Have a wonderful Memorial Day weekend! Take some time to remember all the brave troops. I'm very grateful to my brother-in-law who is currently deployed as well as my numerous cousins, uncles, and grandfather who have all served as well. They are true heros.

Heather

Sunday, May 23, 2010

Anyone?

Another question in the title...am I in the uncertain, wait for labor to start, what should I do next, what is not so important as I think it is, why do I not have a bag packed yet time of pregnancy or what? :)

I'm just wondering if anyone who reads this blog has any experience with a few things that might lead them to think that labor might be coming sooner rather than later. You know, so I can figure out which of my many 'to do' items should get done and which I should just drop.

With Little Guy I didn't really go into labor as much as force myself into labor once my water had broken. We were so focused on getting things rolling that I'm not sure what the lead up was like. With this pregnancy so much as been different and these last few weeks are seeming to be VERY different as well.

To give you an idea, I spent much of this morning crying. Why? Really, no good reason, but I felt overwhelmed, under appreciated, stressed, nauseous, and just really off. I've been feeling nauseous a lot more with the end of this pregnancy than I did before and today it is really, really hot. Heat is not my friend when I am pregnant!

So, anyone out there ever been really nauseous and/or really, really emotional at the end of a pregnancy? Got any advice? It would sure be appreciated!

Heather

Friday, May 21, 2010

Seriously?

Just a quick note to say that I am still alive and to rant on something that kind of blows my mind.

First off, Baby 2 is moving down and has been given the all clear for delivery anytime! We are at about 37 1/2 weeks, so sometime between now and mid-June we'll be off to the birth center. I definitely feel the preparations my body is making more this time around. And I can feel parts of the baby more than with Little Guy. It is so interesting how different two pregnancies can be! Especially around 9:30-10pm when Baby 2 gets hiccups. I never felt them even once with Little Guy and they are almost a nightly event now. If you don't mind, I would love it if you would keep Baby 2 and me in your prayers. We are Strep B + (again) and will be monitoring things closely as we labor towards a safe, natural delivery!

Second, have you seen this? I saw a blurb about it a few weeks ago and thought it just couldn't be true. Yet, I absolutely knew it was. And now they launched the advertising campaign. I wonder what Jamie Oliver would think of this? If only they had strawberry flavor than it would perfectly set the kids up for school. They would drink plain old breast milk or formula for 12 months (poor kids with no flavoring in their lives!) and then from 12-36 months they would enjoy vanilla or chocolate (maybe strawberry if we lobby hard enough) whatever you consider this beverage to be and then go into Head Start or preschool or K-3 (whatever your area calls it) and start drinking flavored milk! It is perfect....

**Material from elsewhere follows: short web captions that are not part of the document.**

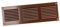 300x100mm / 12x4 inch Brown Metal Air Vent Grille Cover with Insect Mesh - Ventilation Cover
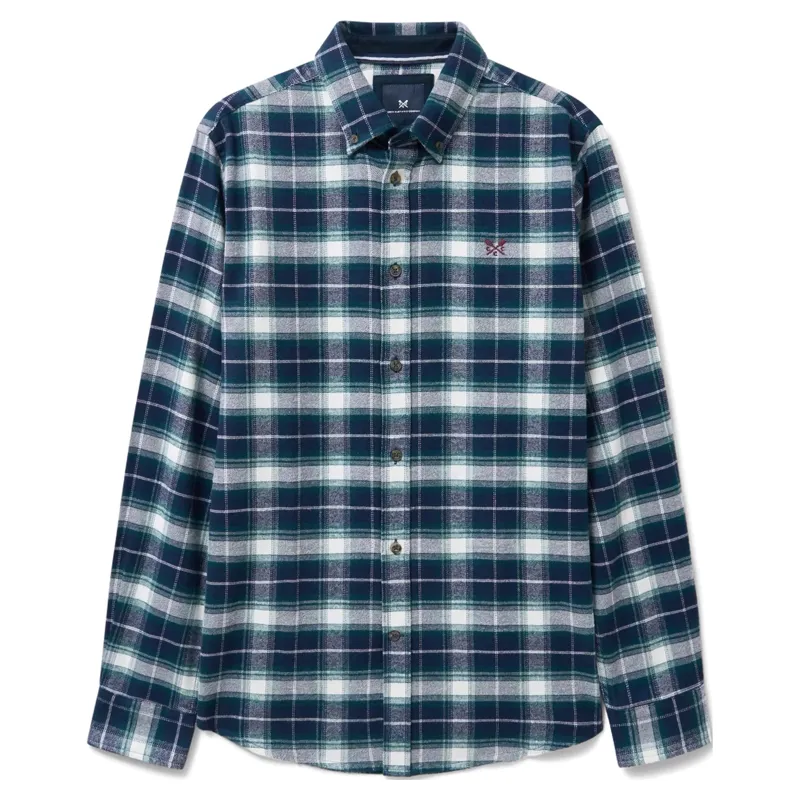 Crew Clothing Flannel Check Classic Fit Shirt Deep Teal/Peacoat/Pristine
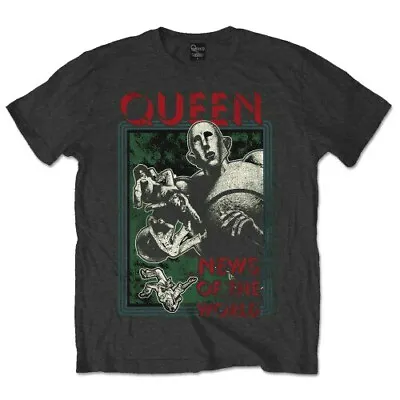 Buy Official Queen T Shirt News Of The World Black Classic Rock Band Merch Freddie • 14.94£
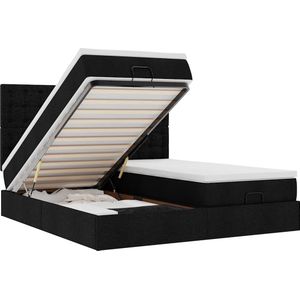 vidaXL Ottoman bed met matrassen 200x200cm stof zwart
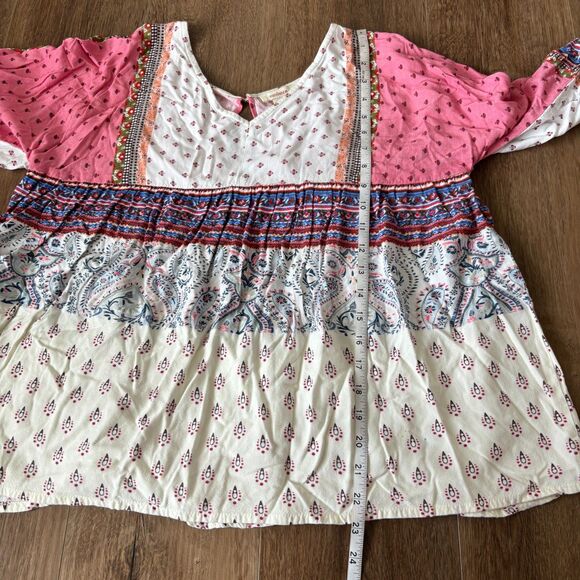 Sundance Multicolored Patterned Long Sleeve Top - Size Medium - Picture 6 of 7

Ugh. I seriously cannot believe that there will be parents who will feel that their toddlers need this drink. They will feel that since the little one doesn't always want to eat this new product will balance everything out and make sure their kid is healthy. Then when that same child doesn't ever want anything that isn't artificially flavored or processed they will continue to give in to more junk foods "just so they eat something." I feel so sorry for those kids! And I cannot believe that any adult would give in to that. Kids will not starve themselves. Little Guy loves veggies and fruits and yet has meals where he won't touch a pea or a bean (his two favorite veggies). It doesn't mean we break out the chocolate. It means we don't make an issue out of it and at the next meal we offer more veggies. He was totally anti-broccoli for a while and now he has been eating it really well. The answer was not to avoid giving him broccoli for the rest of his life! In fact I always tell him how much he loves carrots or beans or whatever veggie he is turning away at that particular meal. I figure it can't hurt to be reminded! And there is no vegetable that he has avoided continually, which tells me that sometimes he just isn't into what I made or he is just asserting his independence. That's fine, but he'll still eat veggies every day of his life--or at least until I have no say over it anymore!

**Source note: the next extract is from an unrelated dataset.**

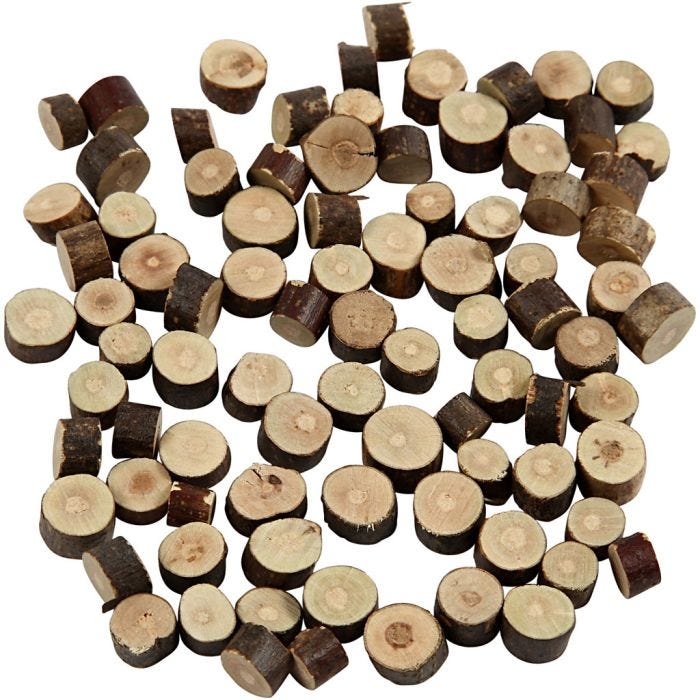 Mix di legno, diam 7-10 mm, spess. 4-5 mm, 230 g/ 1 conf.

This kind of thinking is why the most common vegetable eaten by 12 months old kiddos is french fries. Seriously, does anyone (besides those running the school lunch program) think that a french fry is a vegetable?

Sorry for ranting, but seriously does anyone think this is a good idea?

Heather

**I do realize there is an unflavored version, but that is sure not the one being advertised! It is all about the flavors...new flavors...how exciting for you 12 month old! I sure hope anyone who feels the need for this chooses unflavored, but I'm guessing that will be much harder to find and not very popular.**

Sunday, May 9, 2010

Happy Mother's Day!

A big hug of love to all the moms out there. Today can be a wonderful celebration of what we've been blessed with and also a sad reminder of what we are missing. I hope that you spend your day (mother or not) remembering all the women who've been important to you in your life! And then give them a call (especially if they aren't your mom) and let them know.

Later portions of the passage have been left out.